DeAWM's strategy positions it well to benefit from industry and competitor trends. For 2014, further improvement is projected through both revenue enhancement and efficiencies, particularly from ongoing transformational infrastructure projects. Due to this, 2014 IBIT is expected to have significant improvement against 2013 performance. Since we will strive to continue to improve the quality of services offered to clients and deliver sustainable platform efficiencies the division is expected to progress well towards our IBIT target of € 1.7 billion by 2015.

Deutsche Asset & Wealth Management

KPI

Target 2015

 

Income before income taxes (IBIT)

To grow to € 1.7 bn

We will continue to enhance our presence in select markets, particularly by leveraging the Deutsche Bank Group's global reach. We are active in emerging markets, where rapid growth is driving wealth creation and increasing demand for asset and wealth management services. Our focused strategy also entails selective business portfolio optimization; e.g. we are aligning our wealth management business in the UK with our global focus on the wealthier client segments.
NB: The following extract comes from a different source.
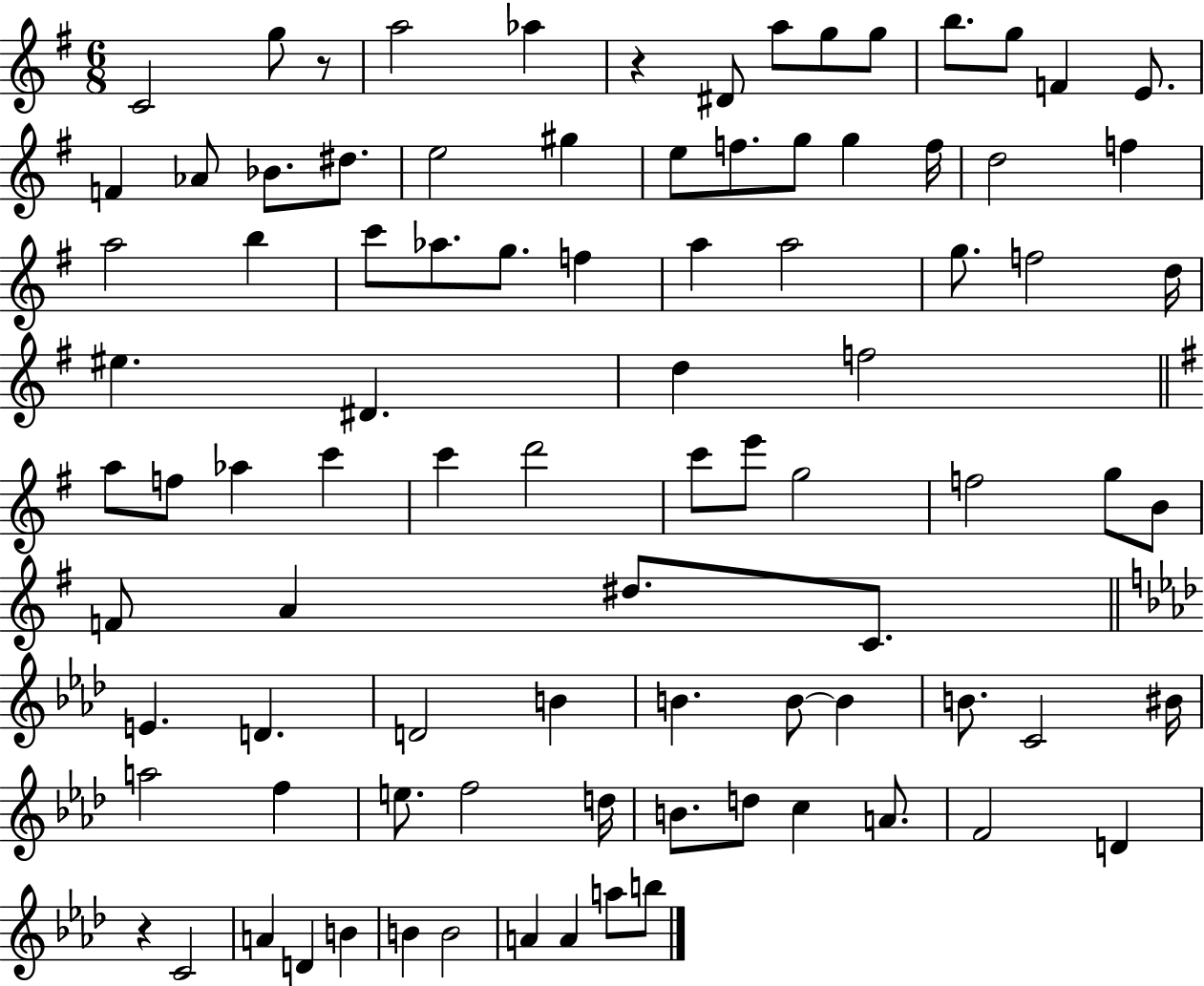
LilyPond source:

We will continue to expand our business with ultra-high-net-worth (UHNW) clients globally in 2014, making progress toward our goal of increasing by circa 50 % the number of UHNW relationships we have from 2012 to 2015. These sophisticated clients benefit from our global coverage model and integrated client service teams. The most sophisticated UHNW clients are also benefitting from the recently established Key Client Partners (KCP) desks, which were set up to provide seamless access to cross asset class, cross-border investment opportunities and financing solutions from us and third-party providers.

We anticipate that the polarization of investment preferences will continue in 2014, with more assets invested in alternatives and passive products. Another key trend we expect to continue, specifically in developed markets, is the increase in demand for retirement products, driven by demographic trends, and for outcome-oriented solutions. We expect invested assets in alternative and passive products to grow in the next year.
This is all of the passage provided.